The CJEU provides additional context regarding what should be considered as an industrially manufactured medicinal product according to Directive 2001/83/EC

Judgment of the Court of Justice of the European Union (CJEU) of 26 October 2016 (Case C-276/15), Hecht-Pharma

Juan Suárez

CAPSULAS Nº 176

Background

Hohenzollern Apotheke (HA), a German pharmacy, produces medicinal products without having a marketing authorisation (MA) under the German law, which excludes medicinal products frequently prescribed by doctors and dentists from requiring said authorisation, when the essential manufacturing steps for such products are carried out in a pharmacy and are to be dispensed to the pharmacy’s users, and up to 100 packages per day.

Hecht-Pharma asked the German Courts to order HA to refrain from promoting the aforementioned activities in Germany, alleging that Directive 2001/83/EC prohibits the promotion of medicinal products that do not have a MA pursuant to Community law.

In Germany, the ban on promotion of magistral and officinal formulae is not absolute, as it is in Spain, and only affects products that are required to have a MA on a mandatory basis and yet do not have one.

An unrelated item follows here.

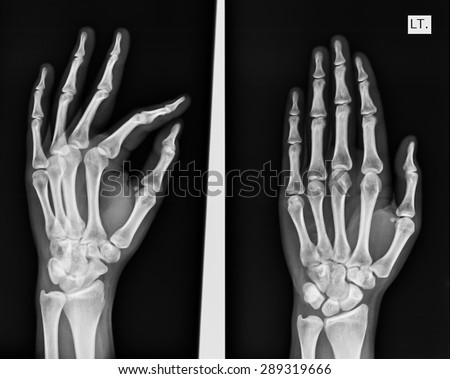 Normal Left Hand Oblique Position Xray Stock Photo 168137840 - Shutterstock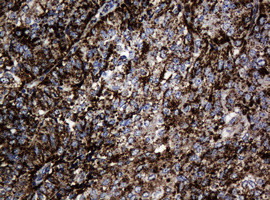 Hsp60 (HSPD1) Antibody in Immunohistochemistry (Paraffin) (IHC (P))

In this context, the German Court referred the case to the CJEU for a preliminary ruling to clarify whether the medicinal products produced by HA required a MA.

Conclusions of the CJEU

The CJEU started by reiterating that only medicinal products manufactured industrially or whose production involves an industrial process, characterised as a succession of mechanical or chemical operations designed to produce a significant quantity of a standardised product, are subject to the Directive, and therefore require a MA. Although these criteria should be assessed by the local Court, the CJEU ruled that in the present case, it would appear that the medicinal products are not produced industrially by an entity operating on a large scale.

The CJEU went on to add that, even if the local Court has a different interpretation of the circumstances of the case, the medicinal products produced by HA would be classified as officinal formulae, which, along with magistral formulae, are excluded from the Directive’s scope of application. The CJEU did not question the correctness of the German law that allows that a pharmacy, such as HA, takes charge of the essential phases of the production of a medicinal product and; therefore, seemingly permitting that other phases of such production are outsourced by the pharmacy to third parties.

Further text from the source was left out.